Im Gegensatz zu ihren Vorgängern, wo es ab der ersten Sekunde Crowdsurfs gab und sonst eigentlich keinen Pit, gibt es jetzt bei FIRST BLOOD einen Pit, der beinahe den kompletten Durchmesser des vorderen Exils einnimmt. Sänger Carl Schwarz eröffnet mit „First Blood“ und eigentlich ist er ja ein in sich liebenswerter Widerspruch, wie er da zu Hau-Drauf-Tunes so freundlich und gutgelaunt in die Menge strahlt – und schief grölenden Fans lächelnd das Mikro hinhält und Highfives gibt. Generell macht ihr ganzes Set Laune. Es ist eben die FIRST BLOOD ganz eigene Mischung aus Kurzweiligkeit der Songs und Breakdowns, die einen beinahe vergessen lassen, dass es mittlerweile gefühlt 50°C und 80% Luftfeuchtigkeit im Raum sind. Und auch finde ich, schwappt ein Stück weit der Idealismus der Band auf der Publikum über und trotz intensivem Pit wird doch das Gefühl von Fairness und Einheit vermittelt. Bemerkenswert ist auch, wie die Band mit jüngeren oder noch ganz neuen Fans umgeht: Da ist nichts von dieser Arroganz zu spüren, die teilweise andere Bands mit ähnlichem Altersdurchschnitt der Bandmitglieder und ähnlich langer Bühnenerfahrung an den Tag legen, nein, man heißt sie willkommen, sagt, dass der kommende Song „Suffocate“ quasi für sie ist. Eben rundum eine tolle Live-Darbietung von einer super sympathischen Band!

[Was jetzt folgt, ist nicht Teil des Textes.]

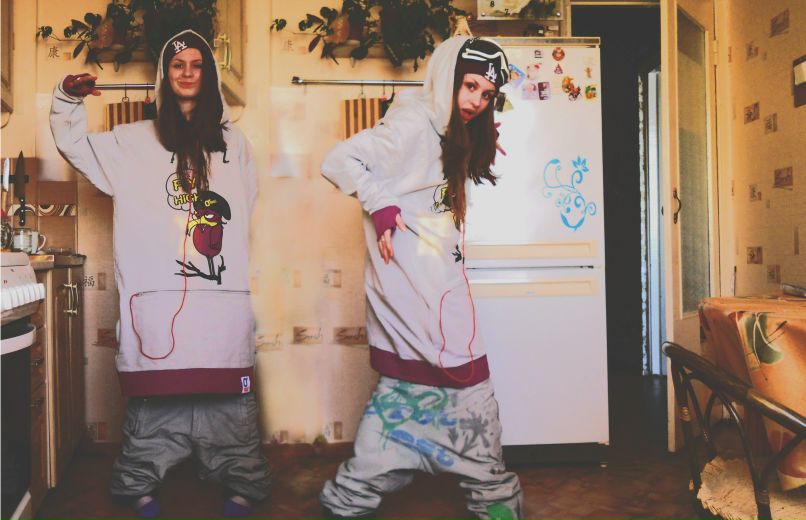 Марго Антонова | Кировск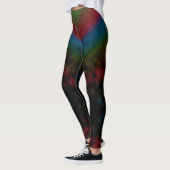 Spektrumsdrift Leggings (Links)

Um eines vorweg zu sagen: Was jetzt gleich kommt, ist eines der besten Konzerte, dass ich seit langem gesehen habe. Zehn Monate nach ihrem letzten Gig im Exhaus erobern STICK TO YOUR GUNS die Bühne und die Herzen zurück. Trotz an sich kurzer Umbaupausen ist die Crowd kurz vor Beginn des Headliners schon absolut rastlos. Als dann aus einem Radio-Tuning das „Sprech-Intro“ von „Diamond“ wird und STYG die ersten Drums ertönen lassen, rastet das Publikum bereits aus. Schon bei den ersten Worten „I know“ explodiert die Menge geradezu, alles und jeder drückt nach vorne zu Frontmann Jesse, um ein Teil dieses großen Gemeinschafts-Feuerwerks zu sein. Erhobene Hände und aus vollem Hals und Herzen mitsingende Münder im ganzen Raum, stimmen überschwänglich den Hit „Amber“ an, der schon als zweiter Song gespielt wird. Eigentlich lassen sich diese Euphorie, Energie und alles umfassende Extase, die an diesem Abend, während dieses Sets, stattfinden, kaum beschreiben und in Worte fassen. Von der Band, ebenfalls komplett überwältigt, hört man nur ein verdutzt staunendes „People, this is insane!“. Dieses große Gefühlskino wird im Laufe des Sets übrigens noch auf die Spitze getrieben, als die Band kurz unterbricht, um einem Pärchen auf der Bühne Platz zu machen. Was dann folgt, ist ein Heiratsantrag von ihr an ihn vor versammelter Horde in subtropischen Klima.
Um zurück zur eigentlichen Show zu kommen: „Bringing You Down“ wird von Carl Schwarz live gefeatured, der ja praktischerweise mit auf Tour ist. Ebenfalls bekannt sind Jesses starke Reden, jedes Mal anders und jedes Mal mit großer Ehrlichkeit gesprochen. Und so geht es um lebensnahe Themen, von Obdachlosen, dem Misstrauen in Regierungen, Gleichberechtigung von Homosexuellen, und und und. Doch Jesse gelingt es, dass man dies nicht als drögen Sermon wahrnimmt, sondern im Gegenteil, das Publikum Beifall klatscht. Nun, eigentlich soll dies keine Lobhudelei werden – doch an diesem Abend ist es nur angebracht. Wer kann, sollte sich unbedingt noch Karten für die laufende Tour besorgen!